Check out the trailer:
Is this not an AWESOME cover? And AWESOME premise? Accept the scientific premise - that human heads can be frozen for future reattachment to healthy bodies -- and everything works swimmingly and you'll love this book. I read it straight through in a day. The story feels amazingly like realistic fiction and not science fiction because author John Corey Whaley didn't spend time bogging down the readers with how the science worked.
Whaley did an excellent job of realistically conveying how those closest to Travis -- his best friend, girl friend, and parents -- must have felt and the variations in where they were in the grieving process. Some had let Travis go, some hadn't, but all of them suffered and grew and changed as a result of Travis's basically returning from the dead.

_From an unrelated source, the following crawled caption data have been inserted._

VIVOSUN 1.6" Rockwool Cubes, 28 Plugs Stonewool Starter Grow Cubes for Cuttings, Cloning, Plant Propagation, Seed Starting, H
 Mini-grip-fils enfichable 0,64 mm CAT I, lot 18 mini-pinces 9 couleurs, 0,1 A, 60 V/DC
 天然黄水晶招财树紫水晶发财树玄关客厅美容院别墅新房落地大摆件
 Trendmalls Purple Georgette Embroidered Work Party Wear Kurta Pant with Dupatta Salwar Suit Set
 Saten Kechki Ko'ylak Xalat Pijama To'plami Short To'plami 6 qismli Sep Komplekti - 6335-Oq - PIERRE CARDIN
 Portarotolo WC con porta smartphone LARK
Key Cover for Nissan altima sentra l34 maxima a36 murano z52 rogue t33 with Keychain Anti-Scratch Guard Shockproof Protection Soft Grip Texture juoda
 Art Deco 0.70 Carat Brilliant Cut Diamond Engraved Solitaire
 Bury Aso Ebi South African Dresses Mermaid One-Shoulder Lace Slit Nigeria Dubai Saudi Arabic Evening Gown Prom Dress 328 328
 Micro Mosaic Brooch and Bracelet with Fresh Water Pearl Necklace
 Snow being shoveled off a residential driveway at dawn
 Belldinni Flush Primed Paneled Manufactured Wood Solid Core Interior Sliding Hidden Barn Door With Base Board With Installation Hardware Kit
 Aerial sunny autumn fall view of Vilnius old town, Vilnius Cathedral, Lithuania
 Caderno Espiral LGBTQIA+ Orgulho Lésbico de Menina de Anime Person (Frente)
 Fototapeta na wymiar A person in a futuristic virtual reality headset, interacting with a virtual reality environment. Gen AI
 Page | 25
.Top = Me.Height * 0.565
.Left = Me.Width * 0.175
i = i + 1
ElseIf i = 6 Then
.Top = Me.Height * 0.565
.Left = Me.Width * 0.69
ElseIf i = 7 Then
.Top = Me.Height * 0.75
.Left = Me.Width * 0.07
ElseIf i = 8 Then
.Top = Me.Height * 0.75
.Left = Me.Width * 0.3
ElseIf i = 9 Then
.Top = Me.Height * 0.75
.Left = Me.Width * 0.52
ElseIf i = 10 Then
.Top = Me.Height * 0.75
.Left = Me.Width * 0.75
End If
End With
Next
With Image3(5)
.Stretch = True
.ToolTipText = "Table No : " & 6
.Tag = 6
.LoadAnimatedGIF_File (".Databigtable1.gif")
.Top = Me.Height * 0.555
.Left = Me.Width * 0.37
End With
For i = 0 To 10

I found myself thinking that somehow Travis should have matured through this advanced scientific procedure -- but then there would be the reminder that he hadn't matured. He was sixteen before he died, and he's sixteen when he comes back, and he thinks, acts, and makes decisions like a sixteen-year-old boy. He has to come back to the same school, and even some of the same horrifying teachers, but all his friends are in college and have matured, where Travis feels like they were just hanging-out and clinging to him a few weeks earlier. There was hilarity and heartbreak and times when I just ached from his awkwardness and embarrassment.
Travis does have a moment of clarity when he realizes the impact his decision made on the people he loved, and that was very insightful. Whaley fleshed-out his characters very well and makes readers feel SOMETHING for each of them: sympathy, frustration, anger, and more.
I'd recommend for grades 9 and up. There's mild language and violence, and some kissing and references to sex, but nothing is graphic or detailed.
Thank you to Edelweiss and Atheneum Books for Young Readers for providing this ARC digital review copy in exchange for a fair review. Book is set to release the first week of April, 2014.